# [EXERCISE GOAL]
Repeat the listing below word for word, stopping after the line that contains "Norte heavy-duty black".

Start of RECORD EXCERPTS

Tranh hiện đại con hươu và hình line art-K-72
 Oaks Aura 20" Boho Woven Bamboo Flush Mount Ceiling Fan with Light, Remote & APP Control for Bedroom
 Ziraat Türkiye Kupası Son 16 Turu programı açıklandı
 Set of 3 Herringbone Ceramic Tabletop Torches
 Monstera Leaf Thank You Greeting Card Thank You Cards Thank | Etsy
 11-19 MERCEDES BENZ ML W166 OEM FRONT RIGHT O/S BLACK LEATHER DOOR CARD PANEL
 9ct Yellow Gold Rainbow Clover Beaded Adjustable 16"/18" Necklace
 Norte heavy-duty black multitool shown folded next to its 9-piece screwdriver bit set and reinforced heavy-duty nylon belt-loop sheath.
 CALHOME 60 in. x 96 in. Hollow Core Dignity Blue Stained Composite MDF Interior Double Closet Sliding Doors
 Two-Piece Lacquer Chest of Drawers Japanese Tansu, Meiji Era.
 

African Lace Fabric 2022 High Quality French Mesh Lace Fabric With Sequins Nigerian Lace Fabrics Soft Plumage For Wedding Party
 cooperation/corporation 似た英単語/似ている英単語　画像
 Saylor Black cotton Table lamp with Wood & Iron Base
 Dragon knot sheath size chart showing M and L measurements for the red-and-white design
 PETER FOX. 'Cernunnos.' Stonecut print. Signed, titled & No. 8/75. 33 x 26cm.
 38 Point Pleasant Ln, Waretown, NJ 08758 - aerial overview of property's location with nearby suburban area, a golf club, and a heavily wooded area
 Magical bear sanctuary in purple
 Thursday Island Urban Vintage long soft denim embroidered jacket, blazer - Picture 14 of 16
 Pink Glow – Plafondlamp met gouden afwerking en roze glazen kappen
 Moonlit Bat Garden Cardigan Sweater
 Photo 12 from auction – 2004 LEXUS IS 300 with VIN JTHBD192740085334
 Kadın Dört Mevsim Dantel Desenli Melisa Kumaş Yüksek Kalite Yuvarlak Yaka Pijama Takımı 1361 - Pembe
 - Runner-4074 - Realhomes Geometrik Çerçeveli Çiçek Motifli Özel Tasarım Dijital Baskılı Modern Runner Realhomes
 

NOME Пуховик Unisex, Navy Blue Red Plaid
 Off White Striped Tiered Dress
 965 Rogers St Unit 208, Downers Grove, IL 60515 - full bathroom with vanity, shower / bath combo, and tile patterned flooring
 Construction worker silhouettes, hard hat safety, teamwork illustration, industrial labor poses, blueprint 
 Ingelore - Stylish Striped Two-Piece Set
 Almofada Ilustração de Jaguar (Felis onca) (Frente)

End of RECORD EXCERPTS

# [FINAL ANSWER]
Tranh hiện đại con hươu và hình line art-K-72
 Oaks Aura 20" Boho Woven Bamboo Flush Mount Ceiling Fan with Light, Remote & APP Control for Bedroom
 Ziraat Türkiye Kupası Son 16 Turu programı açıklandı
 Set of 3 Herringbone Ceramic Tabletop Torches
 Monstera Leaf Thank You Greeting Card Thank You Cards Thank | Etsy
 11-19 MERCEDES BENZ ML W166 OEM FRONT RIGHT O/S BLACK LEATHER DOOR CARD PANEL
 9ct Yellow Gold Rainbow Clover Beaded Adjustable 16"/18" Necklace
 Norte heavy-duty black multitool shown folded next to its 9-piece screwdriver bit set and reinforced heavy-duty nylon belt-loop sheath.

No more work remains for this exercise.